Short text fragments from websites
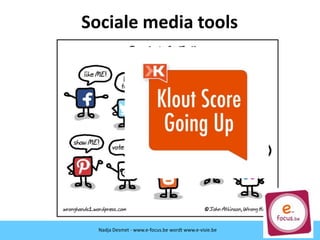 Nadja Desmet - www.e-focus.be
Sociale media tools
Nadja Desmet - www.e-focus.be wordt
www.e-visie.beNadja Desmet - www.e-focus.be wordt www.e-visie.be
 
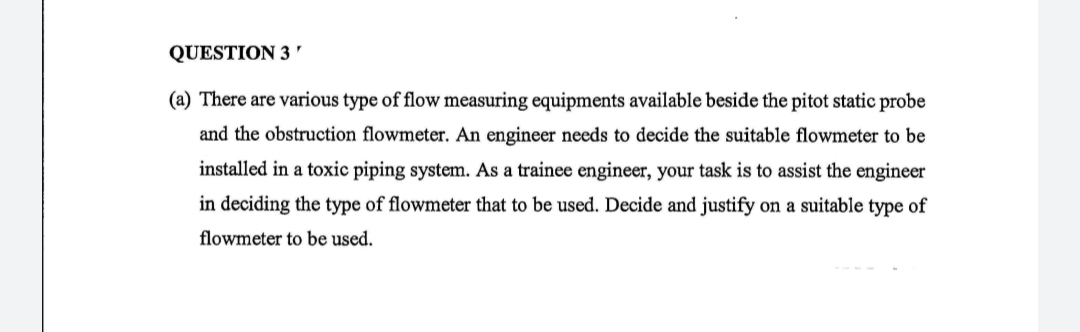 QUESTION 3 '
(a) There are various type of flow measuring equipments available beside the pitot static probe
and the obstruction flowmeter. An engineer needs to decide the suitable flowmeter to be
installed in a toxic piping system. As a trainee engineer, your task is to assist the engineer
in deciding the type of flowmeter that to be used. Decide and justify on a suitable type of
flowmeter to be used.
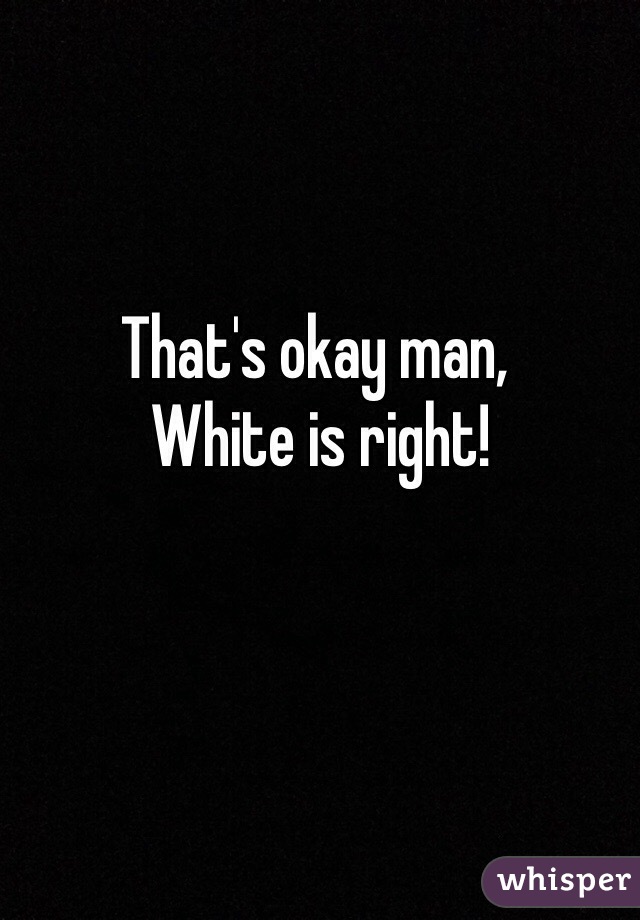 That's okay man,
 White is right!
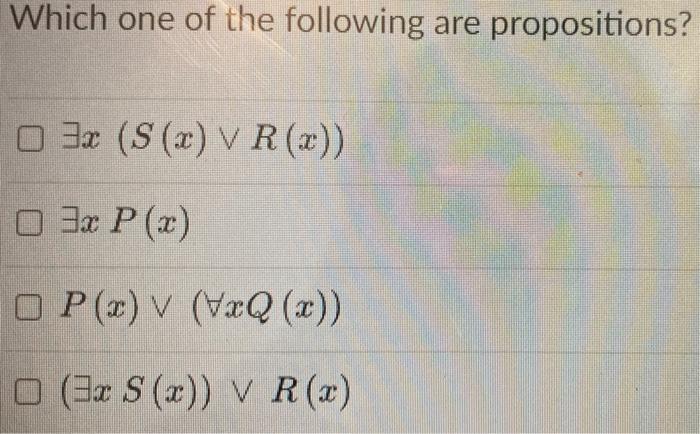 Solved Which One Of The Following Are Propositions? | Chegg.com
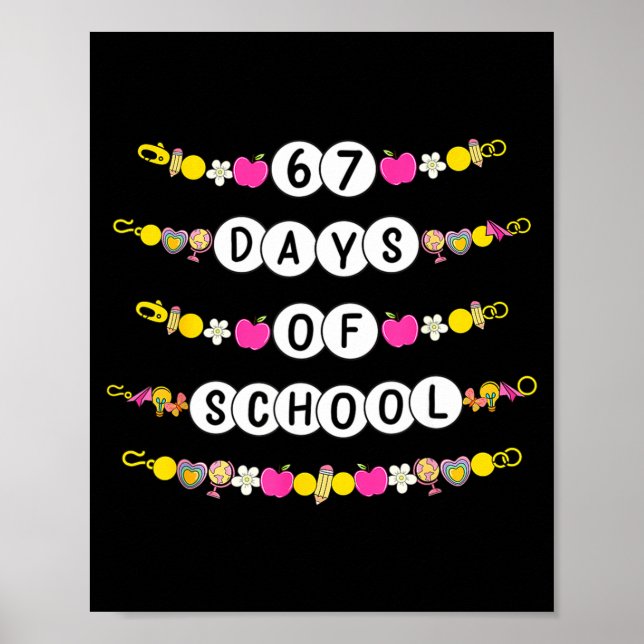 67 Days Of School Bracelets 67 Days Smarter Kids B Poster (Framsidan)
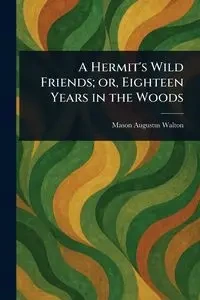 A Hermit's Wild Friends; or, Eighteen Years in the Woods - Walton Mason Augustus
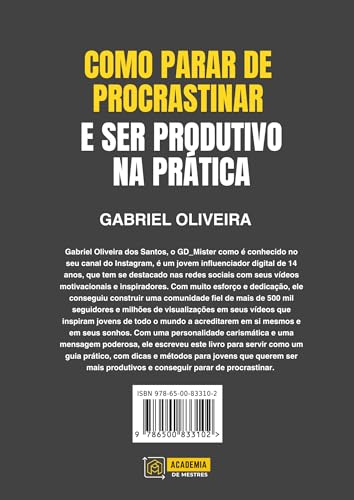 Como Parar de Procrastinar e Ser Produtivo na Prática - Versão Expandida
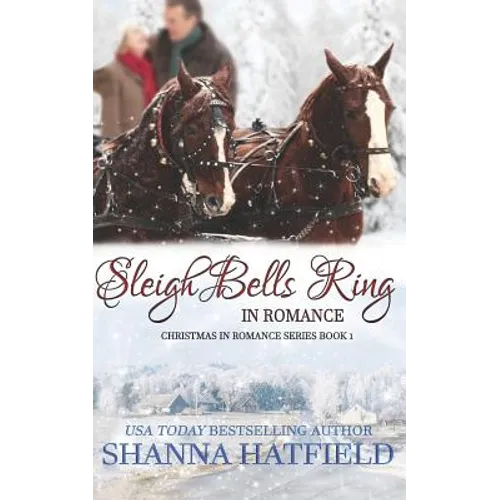 Sleigh Bells Ring in Romance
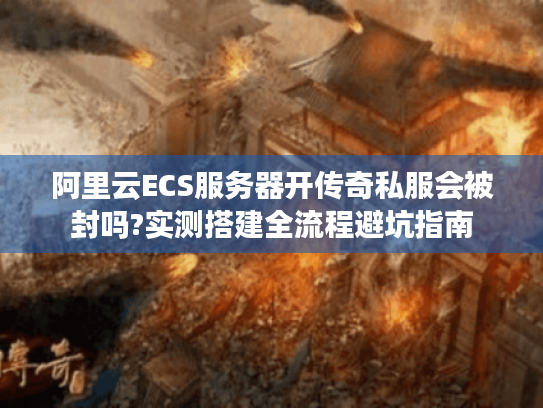 阿里云ECS服务器开传奇私服会被封吗?实测搭建全流程避坑指南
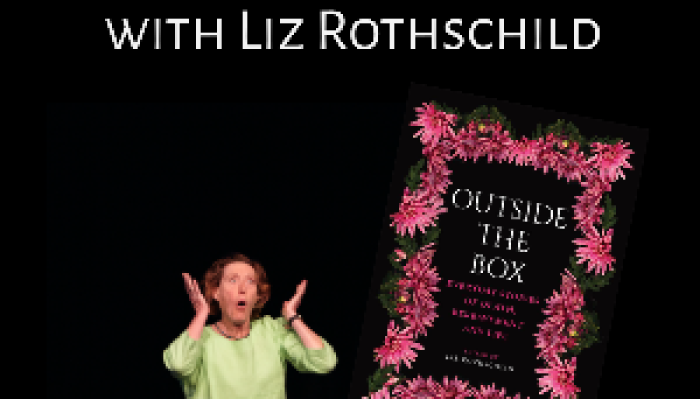 Outside The Box: with Liz Rothschild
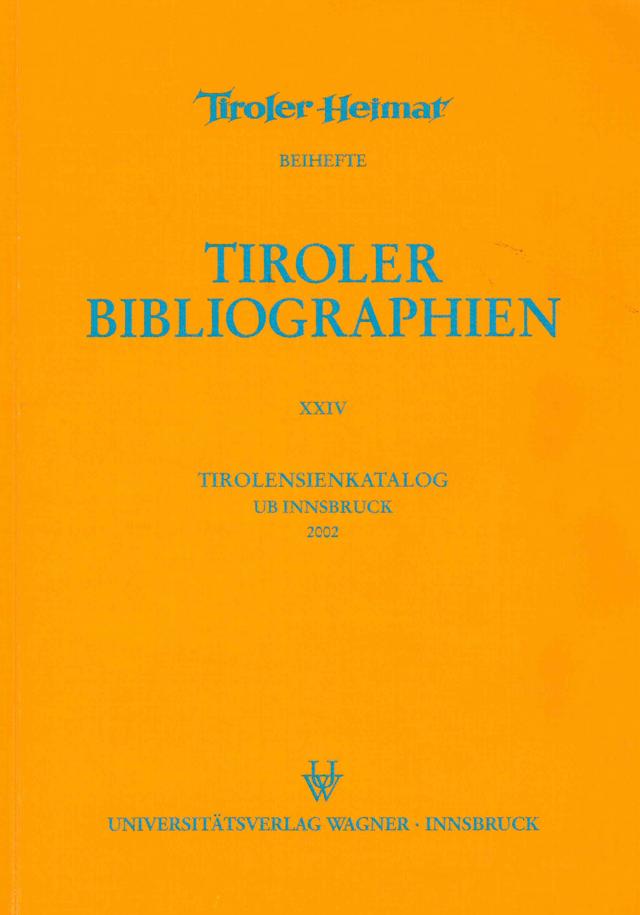 Tirolensienkatalog. Zuwachsverzeichnis der UB Innsbruck für das Jahr 2002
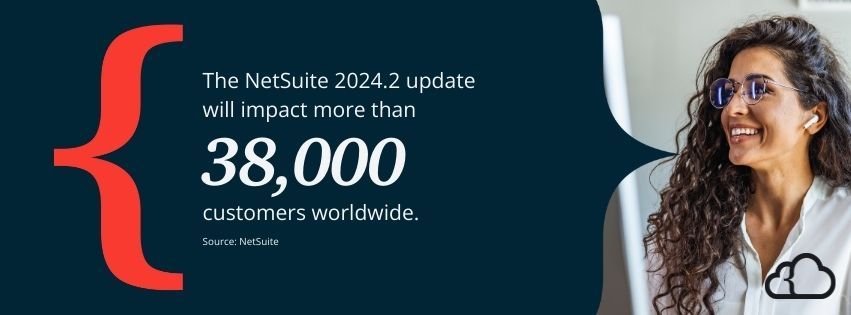 Graphic stating that the NetSuite 2024.2 update will impact more than 38,000 customers worldwide. 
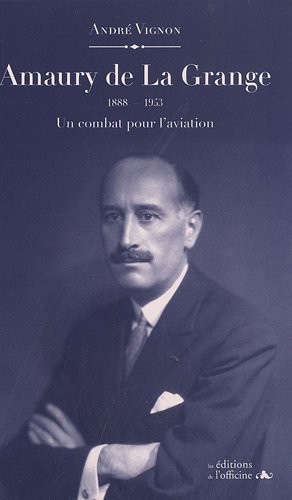 Download Amaury de La Grange (1888-1953) : Un combat pour l'aviation Download Amaury de La Grange (1888-1953) : Un combat pour l'aviation
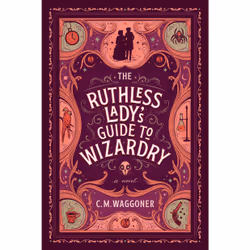 ISBN The Ruthless Lady's Guide to Wizardry, English, Paperback, 384 pages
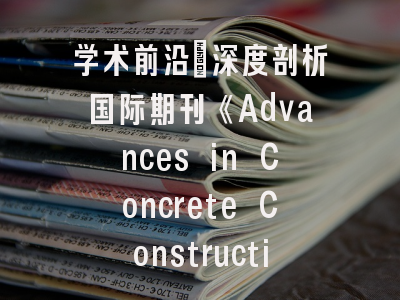 学术前沿_深度剖析国际期刊《Advances in Concrete Construction》办刊特色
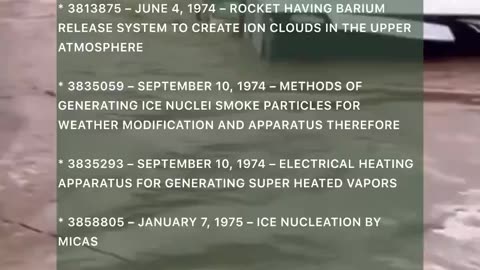 Check out the Weather Modification patents.. Don't be so stupid as to accept 'Climate Change'.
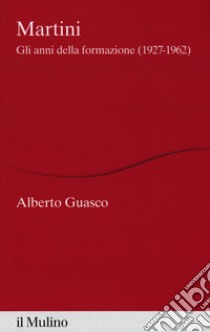 Martini. Gli anni della formazione (1927-1962) libro di Guasco Alberto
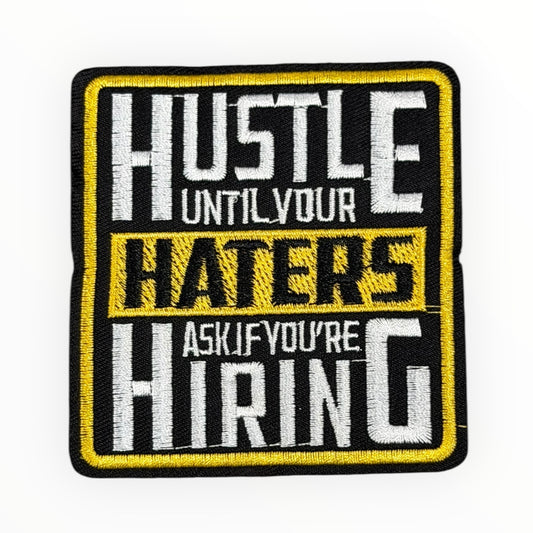 Hustle Until Your Haters Ask If You’re Hiring Patch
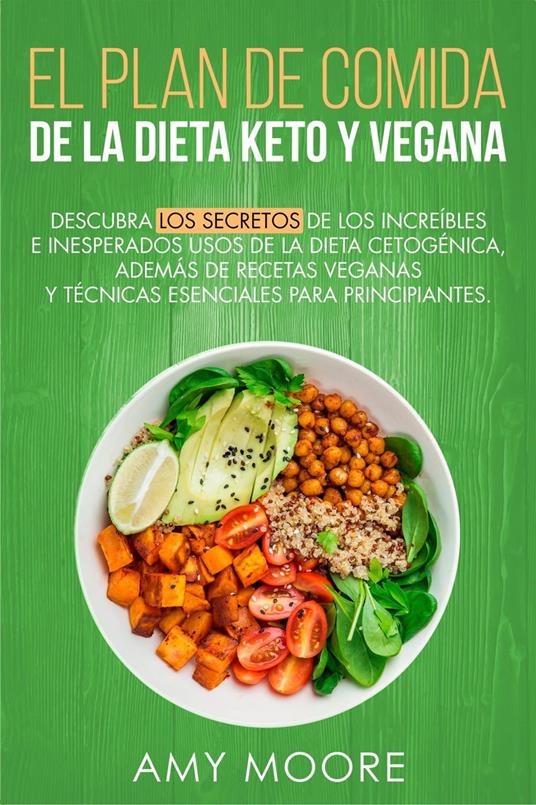 Plan de Comidas de la dieta keto vegana Descubre los secretos de los usos  sorprendentes e inesperados de la dieta cetogénica,además de recetas  veganas y técnicas esenciales para empezar - Moore Amy, -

- _WHAT TO PRODUCE_: I'd like the lines above repeated exactly, from the one that contains "ISBN The Ruthless" through the one that contains "Hustle Until Your", with no pictures.

- _PROBLEM SOLUTION_:
 ISBN The Ruthless Lady's Guide to Wizardry, English, Paperback, 384 pages
 学术前沿_深度剖析国际期刊《Advances in Concrete Construction》办刊特色
 Check out the Weather Modification patents.. Don't be so stupid as to accept 'Climate Change'.
 Martini. Gli anni della formazione (1927-1962) libro di Guasco Alberto
 Hustle Until Your Haters Ask If You’re Hiring Patch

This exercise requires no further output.